Out of the data below, copy every line with the string "video".

● **EXERCISE INPUTS**
::::

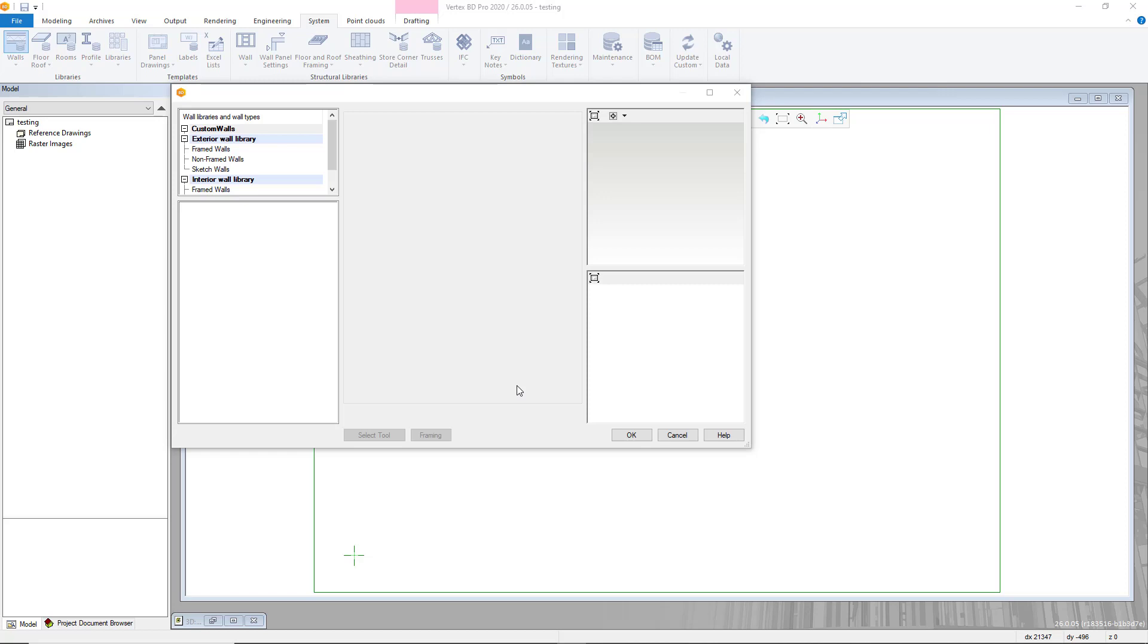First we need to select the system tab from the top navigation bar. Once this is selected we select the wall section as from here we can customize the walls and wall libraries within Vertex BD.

::::

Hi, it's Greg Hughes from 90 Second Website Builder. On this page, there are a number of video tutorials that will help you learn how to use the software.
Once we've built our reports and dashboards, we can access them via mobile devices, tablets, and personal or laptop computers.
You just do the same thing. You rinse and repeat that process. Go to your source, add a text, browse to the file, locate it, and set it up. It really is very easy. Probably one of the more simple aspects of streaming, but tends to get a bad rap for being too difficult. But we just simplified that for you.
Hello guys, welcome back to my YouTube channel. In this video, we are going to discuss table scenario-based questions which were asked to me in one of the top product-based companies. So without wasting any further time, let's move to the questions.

::::

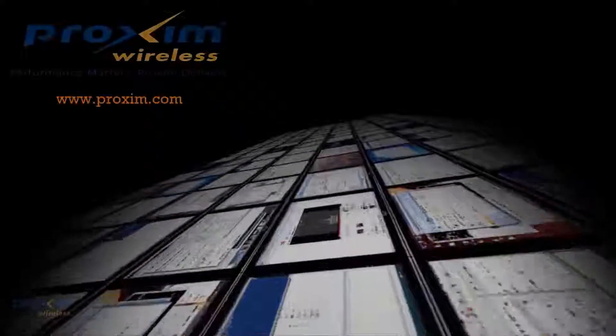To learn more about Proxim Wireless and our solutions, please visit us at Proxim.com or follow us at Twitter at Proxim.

::::

● **TASK RESPONSE**
Hi, it's Greg Hughes from 90 Second Website Builder. On this page, there are a number of video tutorials that will help you learn how to use the software.
Hello guys, welcome back to my YouTube channel. In this video, we are going to discuss table scenario-based questions which were asked to me in one of the top product-based companies. So without wasting any further time, let's move to the questions.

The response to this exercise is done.